H O F T E C
That’s what it is, folks, an inspection. For what that means the dictionary tells us it is an examination, a scrutiny. It is NOT a repair of anything. That comes after the inspection, the long list the mechanic will present to the owner upon completion of the inspection. Tremble time for an owner.
What are the AME’s requirements to carry out an inspection?
- The condition of the whole aircraft. The equipment list. The log books. Time limited parts and procedures.
- Airworthiness Directives.
- Inspect how? Visual. Non destructive Testing. By removal.
- Inspect according to what standard? AC 43.13. The manufacturer’s limits. Other approved procedures.
- Report how? Verbally, on a work order and in the log book.
- Attest to the condition of the aircraft where and how? In the log book by a statement saying that the AME has followed standardized procedures.
What is the role of the owner?
- Must hold an active licence suitable to the type of aircraft being inspected.
- The AME must have all appropriate and up-to-date manuals for the aircraft and its equipment.
- The AME must have the appropriate tools.
Tasks of the AME
- Have the inspection done once a year.
- Choose the appropriate and qualified mechanic.
- Must decide on the necessary repairs to be carried out.
- First approve any repairs suggested by the AME.
- Assure himself that repairs are properly executed.
- Supply the AME only with approved and documented parts to install.
- Pay the costs.
What does the owner in fact pay the AME for?
- Carry out repairs authorized by the owner.
- Use only approved parts with tags to attach to the records.
- Use acceptable techniques.
- Record all parts used and the repairs accomplished.
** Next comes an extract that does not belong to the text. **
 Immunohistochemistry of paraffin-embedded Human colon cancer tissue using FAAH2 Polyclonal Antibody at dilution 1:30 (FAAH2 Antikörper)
- Complete all the items indicated on the approved Checklist.
- List work still required to be done.
- Attest that all standards for airworthiness have been applied.
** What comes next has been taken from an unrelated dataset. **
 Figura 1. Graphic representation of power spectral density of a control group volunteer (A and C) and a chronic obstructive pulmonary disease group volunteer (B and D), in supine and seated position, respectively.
So figure it out. Is the fee you are paying for the annual inspection a fair deal?
- The professional’s time and knowledge.
- The AME’s training – update and recurrent, as required by the CARs.
- The on-going administration of the AME’s manuals, directives, bulletins etc.
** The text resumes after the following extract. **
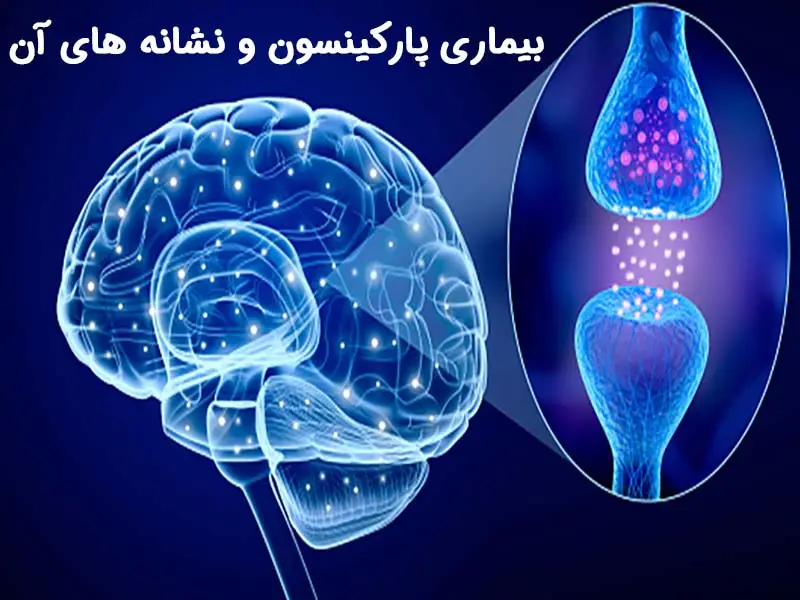 پارکینسون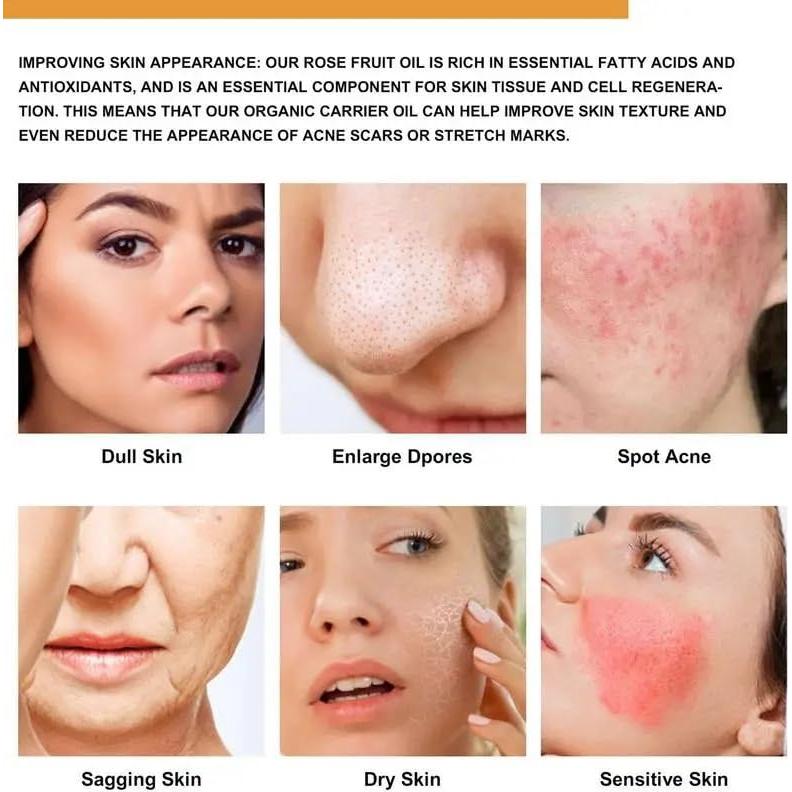 Aceite de Rosa Mosqueta Orgánico 30ml - WHHWM Hidratante Facial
- The annual updating cost of his required manuals – easily a few hundred dollars a year.
- The facilities used.
- Calibration/replacement of tools – an annual cost.
- Sundry Parts used – from greases to safety wires to nuts and bolts.
- Insurance – about $3000/year.
- The time spent doing the inspection and paperwork.
- The liability assumed by the AME.
- Owner’s and his grandchildren’s peace of mind.